How much for Honda's RCV road bike?

Does £38k sound about right?

How much for Honda's RCV road bike?

How much for Honda's RCV road bike?

HONDA'S road-going MotoGP-inspired superbike could cost as little as £38,000 according to some Japanese reports – but others put the price as high as quarter of a million pounds!

The whole issue is confused because Honda is developing not one but two machines, both derived from the RC213V MotoGP bike and both set to be offered for sale. One will be the firm's rival to Aprilia's ART off-the-shelf MotoGP bike, the other a true road-going superbike.

It seems likely that the higher priced bike, placed at “more than” 30 million Yen in Japan (over £230,000), will be the racer. Effectively slightly down-spec'd RC213V it's no surprise to see it costing so much. The bigger question hangs over the price of the road bike, due to be made in larger numbers and to be the machine to drool over when it's launched in a couple of years' time.

While some reports put its price at 5 million Yen (around £38,000), others place it at nearer 15 million Yen (£114,000). And at the moment it's still way to early to know which end of that scale it's going to sit at.

But looking at Honda's history might give a few hints. Taking inflation into account, the old RC45 from 1994 (£18,000 then) would cost around £29,000 in today's money. Factor in the higher VAT we all pay now and you'd be looking at a £30,000-plus on-the-road price. But that was a very simple and relatively high-volume bike compared to the forthcoming MotoGP-derived V4.

For a closer comparison, it's perhaps more suitable to look at the firm's NR750 from 1992. Back then, it cost a terrifying £38,000. That's more than £64,000 in today's money, and would be more like £67,000 including today's 20% VAT instead of the 15% we used to pay.

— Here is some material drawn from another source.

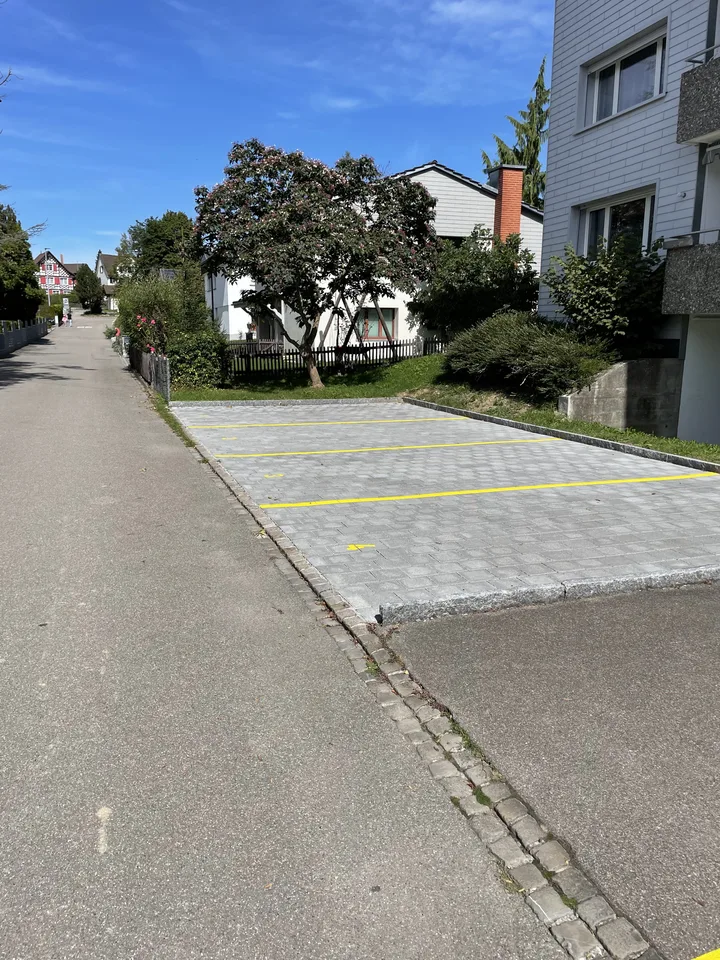 mehrere freie Abstellplätze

At the moment, since Honda has only just given the project the green light, the final price is actually unlikely to have been decided yet, and although the engineers working on the project must have been given a target price, it's not a figure that Honda is ever likely to release, as it would be embarrassing if the firm failed to meet it. The fluctuations between the Yen and other currencies will also have a huge impact.

Can the market sustain a bike that's likely to cost in excess of £50k? In fact, it seems it probably can. Ducati's £40,000 Desmosedici RR flew out of showrooms, even when the production was pushed to its maximum of 1500 machines (making more would have meant re-tooling the production line at enormous cost).

When it comes to specification, the Japanese sources are all agreed that some form of seamless-shift transmission is likely to be used, along with high-spec datalogging and traction control. The exact type of gearbox may vary between the road and race versions – dual-clutch systems like Honda's DCT are more suitable for road bikes but are banned in MotoGP, where Honda has instead developed a single-clutch seamless-shift box at vast expense. This seems likely to be carried over to the firm's CRT machine providing it can be made cheaply enough (at the moment, each of the works Repsol bikes' gearboxes is thought to carry a six-figure price tag).